____ DATA IN THIS EXERCISE

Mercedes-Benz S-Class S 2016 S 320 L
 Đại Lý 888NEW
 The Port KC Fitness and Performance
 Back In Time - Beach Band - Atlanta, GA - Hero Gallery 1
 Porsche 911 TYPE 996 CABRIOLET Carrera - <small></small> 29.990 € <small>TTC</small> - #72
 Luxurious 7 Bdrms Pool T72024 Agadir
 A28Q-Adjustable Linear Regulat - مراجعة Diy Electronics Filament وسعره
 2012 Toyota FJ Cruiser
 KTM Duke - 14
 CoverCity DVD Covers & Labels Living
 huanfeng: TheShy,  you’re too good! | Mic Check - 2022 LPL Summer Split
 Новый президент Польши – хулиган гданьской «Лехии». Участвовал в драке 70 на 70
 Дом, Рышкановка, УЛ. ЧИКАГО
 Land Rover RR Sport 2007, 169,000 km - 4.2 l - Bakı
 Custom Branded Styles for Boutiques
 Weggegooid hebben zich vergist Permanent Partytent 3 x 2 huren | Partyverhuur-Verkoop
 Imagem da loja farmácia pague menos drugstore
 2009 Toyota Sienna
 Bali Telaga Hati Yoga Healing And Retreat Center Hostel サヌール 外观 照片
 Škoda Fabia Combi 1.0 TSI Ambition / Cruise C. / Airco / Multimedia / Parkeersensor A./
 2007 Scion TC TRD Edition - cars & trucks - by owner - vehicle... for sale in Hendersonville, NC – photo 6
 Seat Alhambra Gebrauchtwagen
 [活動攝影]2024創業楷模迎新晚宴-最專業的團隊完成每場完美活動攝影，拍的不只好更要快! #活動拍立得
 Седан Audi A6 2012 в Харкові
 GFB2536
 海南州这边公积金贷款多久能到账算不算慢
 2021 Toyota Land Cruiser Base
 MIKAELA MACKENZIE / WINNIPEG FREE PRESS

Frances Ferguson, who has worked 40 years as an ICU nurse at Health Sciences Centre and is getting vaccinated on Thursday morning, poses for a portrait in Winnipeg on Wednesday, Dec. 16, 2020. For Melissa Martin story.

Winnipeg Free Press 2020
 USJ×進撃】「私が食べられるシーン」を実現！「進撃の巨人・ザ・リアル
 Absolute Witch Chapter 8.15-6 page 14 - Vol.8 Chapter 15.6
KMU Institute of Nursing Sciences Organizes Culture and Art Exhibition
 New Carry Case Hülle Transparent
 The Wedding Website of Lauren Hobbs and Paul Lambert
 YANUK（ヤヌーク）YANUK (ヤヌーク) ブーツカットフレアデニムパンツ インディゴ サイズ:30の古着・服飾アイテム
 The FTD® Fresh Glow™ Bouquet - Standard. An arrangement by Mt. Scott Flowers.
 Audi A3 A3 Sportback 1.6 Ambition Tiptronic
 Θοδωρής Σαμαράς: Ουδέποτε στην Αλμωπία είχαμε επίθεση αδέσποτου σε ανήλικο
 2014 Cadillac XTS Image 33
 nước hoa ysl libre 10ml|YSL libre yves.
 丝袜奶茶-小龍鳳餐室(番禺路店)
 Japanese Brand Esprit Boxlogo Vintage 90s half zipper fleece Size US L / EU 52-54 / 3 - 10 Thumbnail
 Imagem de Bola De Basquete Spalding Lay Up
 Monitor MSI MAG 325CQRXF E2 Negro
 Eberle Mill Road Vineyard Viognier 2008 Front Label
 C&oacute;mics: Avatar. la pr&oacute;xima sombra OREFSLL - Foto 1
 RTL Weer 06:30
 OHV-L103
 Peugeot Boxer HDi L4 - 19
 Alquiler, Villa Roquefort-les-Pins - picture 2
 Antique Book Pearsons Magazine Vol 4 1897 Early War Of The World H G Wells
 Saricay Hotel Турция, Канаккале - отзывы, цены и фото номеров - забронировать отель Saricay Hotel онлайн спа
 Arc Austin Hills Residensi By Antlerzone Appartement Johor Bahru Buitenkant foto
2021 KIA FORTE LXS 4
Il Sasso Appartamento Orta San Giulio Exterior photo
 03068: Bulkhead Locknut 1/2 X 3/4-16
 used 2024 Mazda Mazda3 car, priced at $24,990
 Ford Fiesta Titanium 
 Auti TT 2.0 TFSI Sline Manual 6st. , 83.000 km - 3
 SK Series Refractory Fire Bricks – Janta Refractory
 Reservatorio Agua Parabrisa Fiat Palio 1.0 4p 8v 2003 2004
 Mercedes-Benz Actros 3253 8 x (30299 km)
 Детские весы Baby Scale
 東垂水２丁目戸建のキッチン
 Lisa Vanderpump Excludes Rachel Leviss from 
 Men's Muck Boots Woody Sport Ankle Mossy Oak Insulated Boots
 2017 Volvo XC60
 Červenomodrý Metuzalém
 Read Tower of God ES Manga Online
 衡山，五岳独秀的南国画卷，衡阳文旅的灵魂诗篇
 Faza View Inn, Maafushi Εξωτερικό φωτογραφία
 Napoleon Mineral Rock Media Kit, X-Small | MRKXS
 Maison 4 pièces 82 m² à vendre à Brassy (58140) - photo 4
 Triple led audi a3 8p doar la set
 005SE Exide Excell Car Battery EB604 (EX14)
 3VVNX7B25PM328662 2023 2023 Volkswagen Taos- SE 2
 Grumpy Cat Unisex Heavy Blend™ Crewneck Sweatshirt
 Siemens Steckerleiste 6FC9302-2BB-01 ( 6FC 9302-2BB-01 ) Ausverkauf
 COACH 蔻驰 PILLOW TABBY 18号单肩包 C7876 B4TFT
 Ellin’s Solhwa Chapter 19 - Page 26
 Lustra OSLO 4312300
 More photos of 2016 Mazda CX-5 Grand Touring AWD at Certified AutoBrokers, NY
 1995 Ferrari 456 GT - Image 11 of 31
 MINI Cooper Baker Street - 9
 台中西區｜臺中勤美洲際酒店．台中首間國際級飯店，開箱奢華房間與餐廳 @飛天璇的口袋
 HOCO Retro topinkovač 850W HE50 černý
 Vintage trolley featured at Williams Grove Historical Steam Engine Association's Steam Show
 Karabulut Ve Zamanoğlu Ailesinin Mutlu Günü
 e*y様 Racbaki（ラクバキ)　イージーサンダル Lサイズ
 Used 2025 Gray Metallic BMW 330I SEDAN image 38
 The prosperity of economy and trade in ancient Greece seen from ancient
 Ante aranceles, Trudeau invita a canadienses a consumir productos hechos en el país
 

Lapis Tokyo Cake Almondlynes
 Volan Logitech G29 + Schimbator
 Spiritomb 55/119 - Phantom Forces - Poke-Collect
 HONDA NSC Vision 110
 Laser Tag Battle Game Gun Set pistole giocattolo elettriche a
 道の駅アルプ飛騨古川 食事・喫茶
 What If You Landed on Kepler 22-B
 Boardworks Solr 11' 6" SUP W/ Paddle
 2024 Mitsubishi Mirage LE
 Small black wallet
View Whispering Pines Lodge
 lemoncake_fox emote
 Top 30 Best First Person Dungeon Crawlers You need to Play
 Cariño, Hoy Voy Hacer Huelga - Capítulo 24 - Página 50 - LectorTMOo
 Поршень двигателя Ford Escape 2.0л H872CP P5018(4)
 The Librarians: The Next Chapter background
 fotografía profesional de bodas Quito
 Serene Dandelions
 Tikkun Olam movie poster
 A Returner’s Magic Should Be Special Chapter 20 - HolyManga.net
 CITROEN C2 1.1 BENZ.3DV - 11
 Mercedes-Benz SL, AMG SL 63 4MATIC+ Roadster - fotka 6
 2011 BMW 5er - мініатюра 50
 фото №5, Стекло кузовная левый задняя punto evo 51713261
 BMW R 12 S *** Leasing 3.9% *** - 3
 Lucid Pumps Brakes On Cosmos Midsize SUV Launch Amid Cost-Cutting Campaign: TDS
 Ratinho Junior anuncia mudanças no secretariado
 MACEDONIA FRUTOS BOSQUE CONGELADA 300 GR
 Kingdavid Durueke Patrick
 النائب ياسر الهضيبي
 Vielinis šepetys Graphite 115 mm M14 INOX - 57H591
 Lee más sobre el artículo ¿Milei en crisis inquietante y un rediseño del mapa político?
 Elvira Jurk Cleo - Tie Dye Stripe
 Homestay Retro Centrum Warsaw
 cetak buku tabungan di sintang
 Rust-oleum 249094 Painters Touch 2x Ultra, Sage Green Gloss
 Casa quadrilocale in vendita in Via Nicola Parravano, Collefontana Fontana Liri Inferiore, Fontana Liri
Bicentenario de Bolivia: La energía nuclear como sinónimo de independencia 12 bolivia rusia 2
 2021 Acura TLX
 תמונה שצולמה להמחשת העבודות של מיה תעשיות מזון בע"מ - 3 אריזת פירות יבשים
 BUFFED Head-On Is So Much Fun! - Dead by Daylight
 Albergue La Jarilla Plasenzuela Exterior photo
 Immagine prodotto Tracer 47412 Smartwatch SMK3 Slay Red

________

PROBLEM DESCRIPTION: Output nothing but the lines from the one that contains "النائب ياسر الهضيبي" through the final line of the entries above, exactly as they appear.

TASK ANSWER:
 النائب ياسر الهضيبي
 Vielinis šepetys Graphite 115 mm M14 INOX - 57H591
 Lee más sobre el artículo ¿Milei en crisis inquietante y un rediseño del mapa político?
 Elvira Jurk Cleo - Tie Dye Stripe
 Homestay Retro Centrum Warsaw
 cetak buku tabungan di sintang
 Rust-oleum 249094 Painters Touch 2x Ultra, Sage Green Gloss
 Casa quadrilocale in vendita in Via Nicola Parravano, Collefontana Fontana Liri Inferiore, Fontana Liri
Bicentenario de Bolivia: La energía nuclear como sinónimo de independencia 12 bolivia rusia 2
 2021 Acura TLX
 תמונה שצולמה להמחשת העבודות של מיה תעשיות מזון בע"מ - 3 אריזת פירות יבשים
 BUFFED Head-On Is So Much Fun! - Dead by Daylight
 Albergue La Jarilla Plasenzuela Exterior photo
 Immagine prodotto Tracer 47412 Smartwatch SMK3 Slay Red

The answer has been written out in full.